◆ Problem to work on ◆
The listing below contains a span that opens with the line containing "new 2025 Jeep" and closes with the line containing "Curtis Pond - Residential". Return that span exactly.

◆ Records supplied ◆

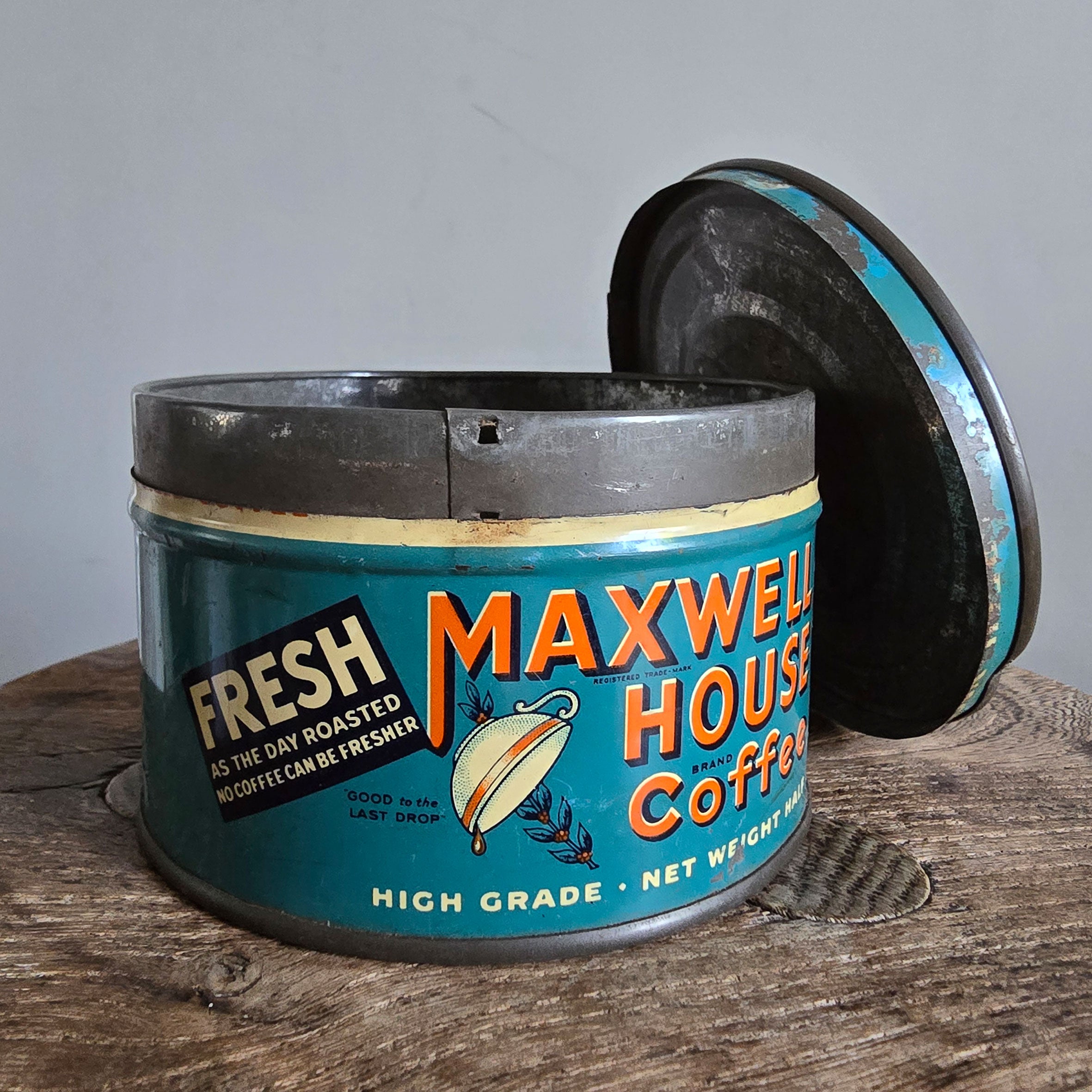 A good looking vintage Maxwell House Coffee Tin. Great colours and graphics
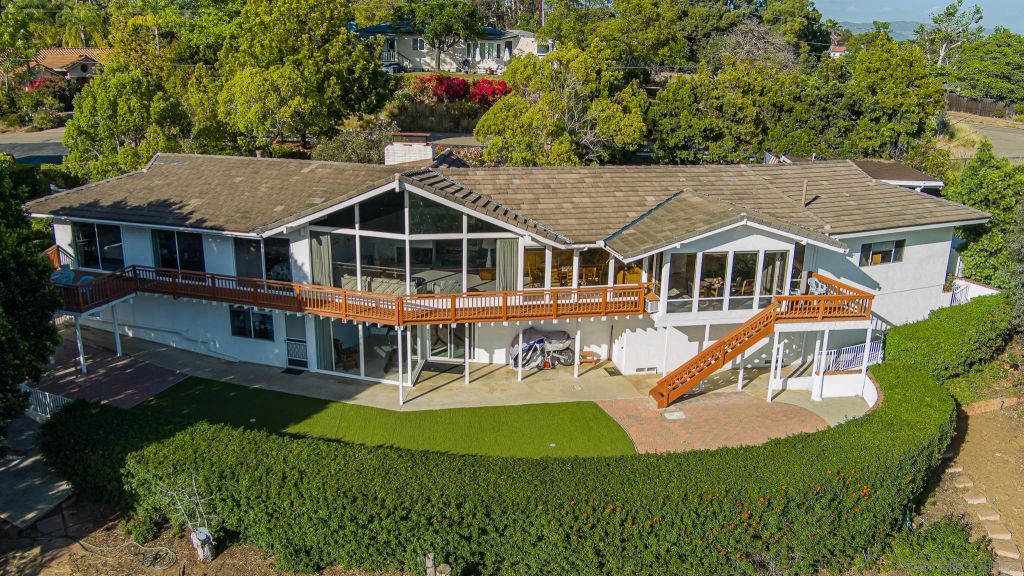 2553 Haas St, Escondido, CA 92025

---

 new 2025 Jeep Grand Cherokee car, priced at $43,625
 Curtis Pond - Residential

◆ Answer to this task ◆
 new 2025 Jeep Grand Cherokee car, priced at $43,625
 Curtis Pond - Residential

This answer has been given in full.